- _What needs to be done_
Would you print only the lines running from the one with "Conference room in" to the final line of the data below, word for word and without pictures?

[Caption-style text data]
--*--

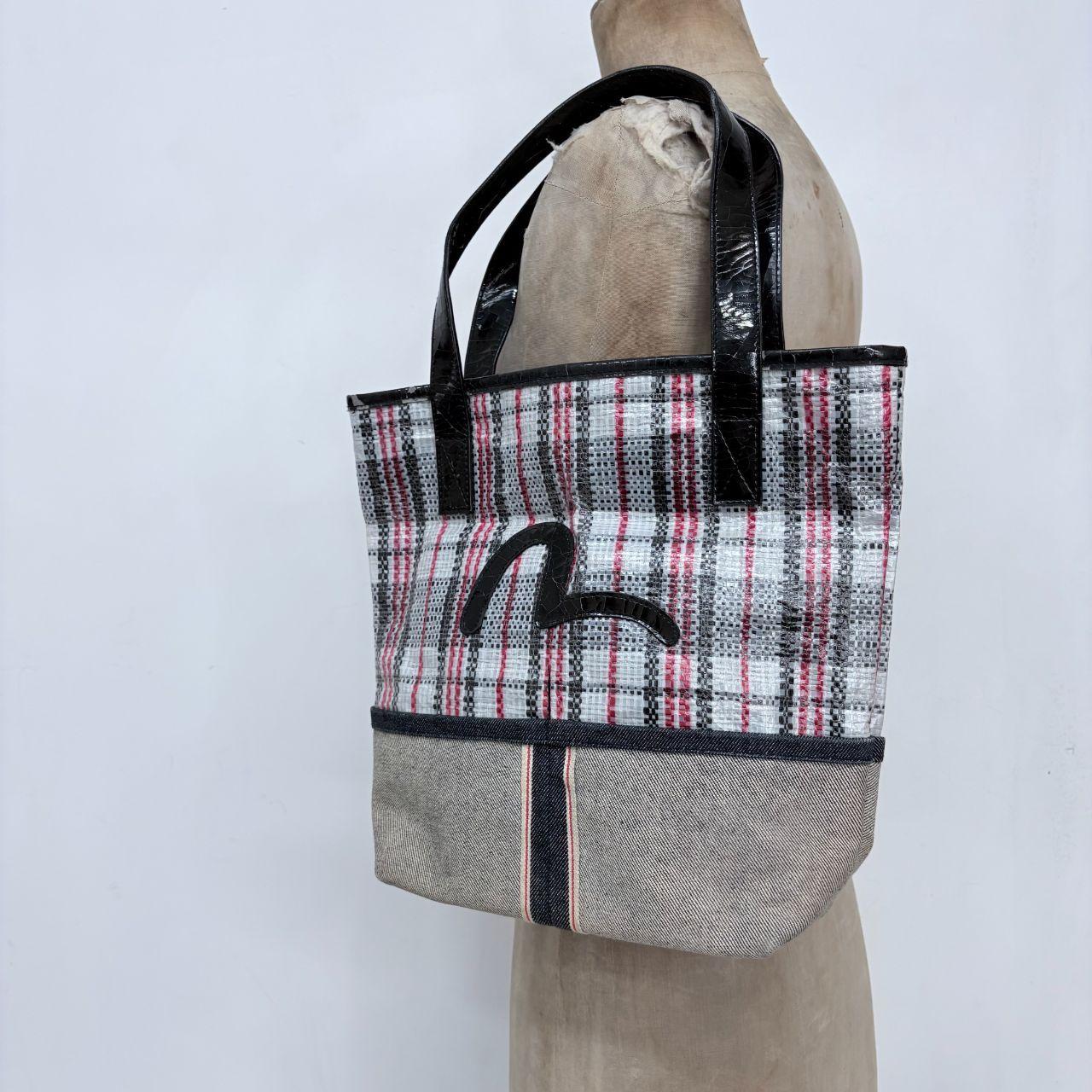 Evisu bag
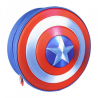 Mochila Escudo Capitan America 3D - Bolsos y Mochilas Frikis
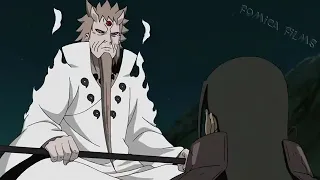 the sage of six paths story naruto english dub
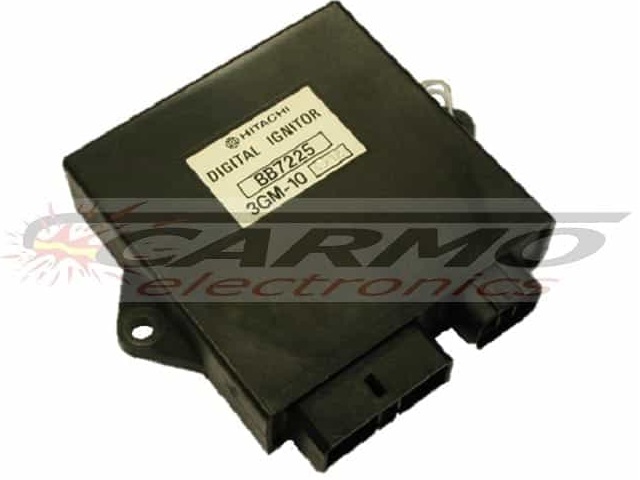 FZR1000 EXUP CDI TCI Gyújtózemüveg Számírépp BB7231 BB7225 BB7232 BB7226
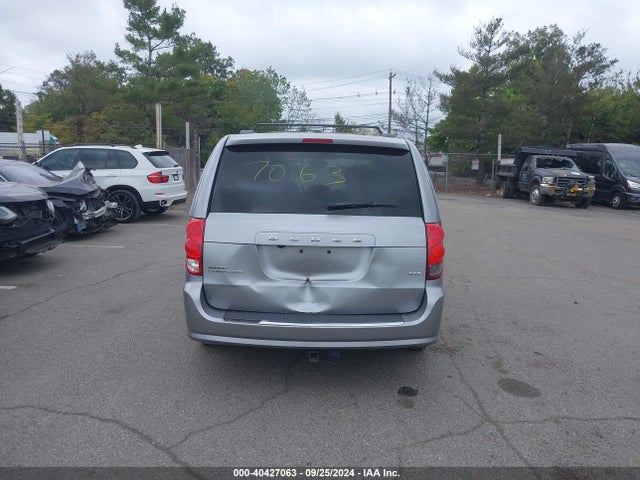 Dodge Grand Caravan Sxt 2020 2C4RDGCG7LR153305 Image 16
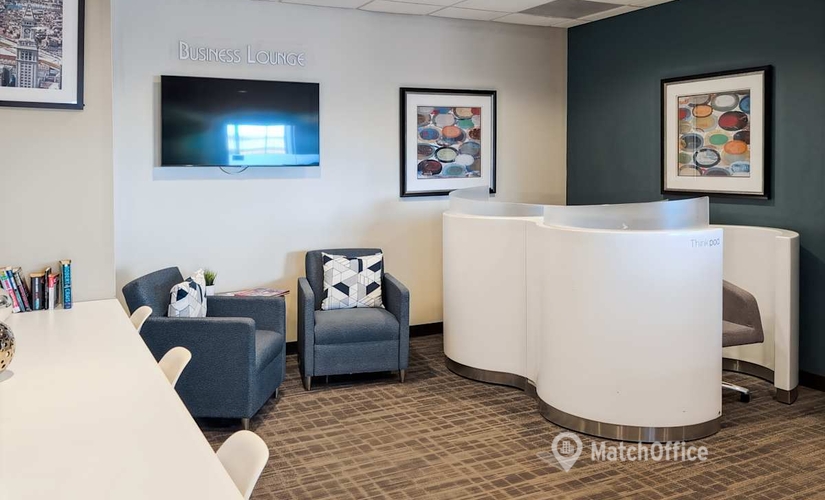 Conference room in Concord, MA, 300 Baker Avenue (01742) - 4 | MatchOffice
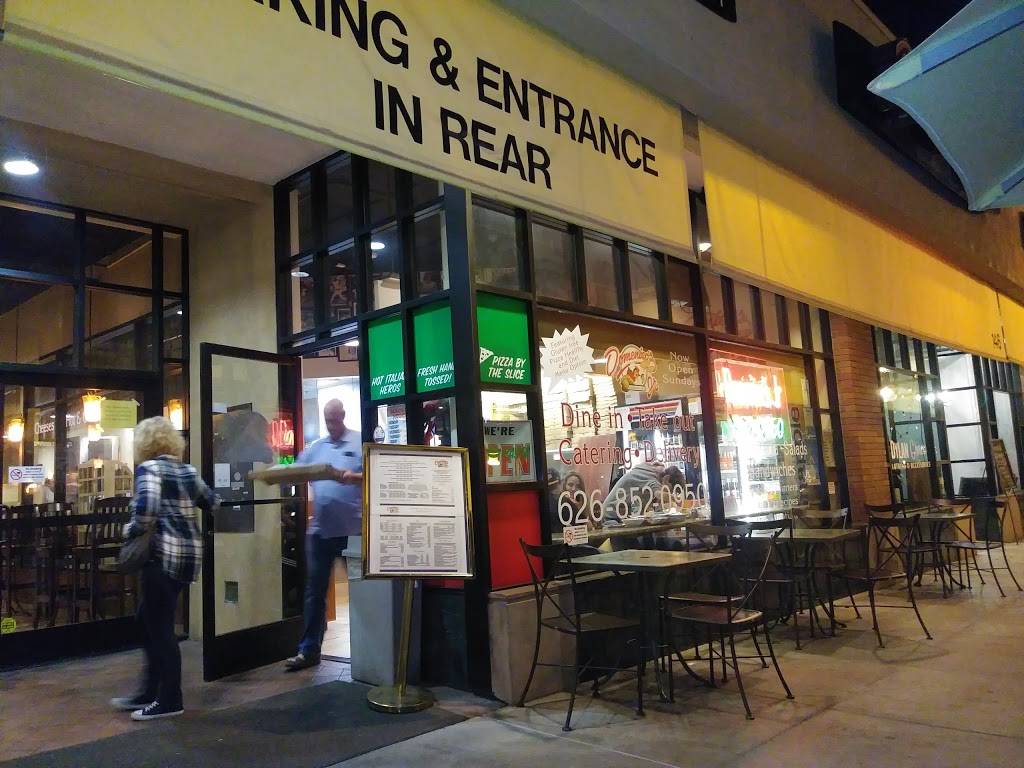 Domenicos JR | restaurant | 146 N Glendora Ave #103, Glendora, CA 91741, USA | 6268520950 OR +1 626-852-0950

--*--

- _Expected answer_
 Conference room in Concord, MA, 300 Baker Avenue (01742) - 4 | MatchOffice
 Domenicos JR | restaurant | 146 N Glendora Ave #103, Glendora, CA 91741, USA | 6268520950 OR +1 626-852-0950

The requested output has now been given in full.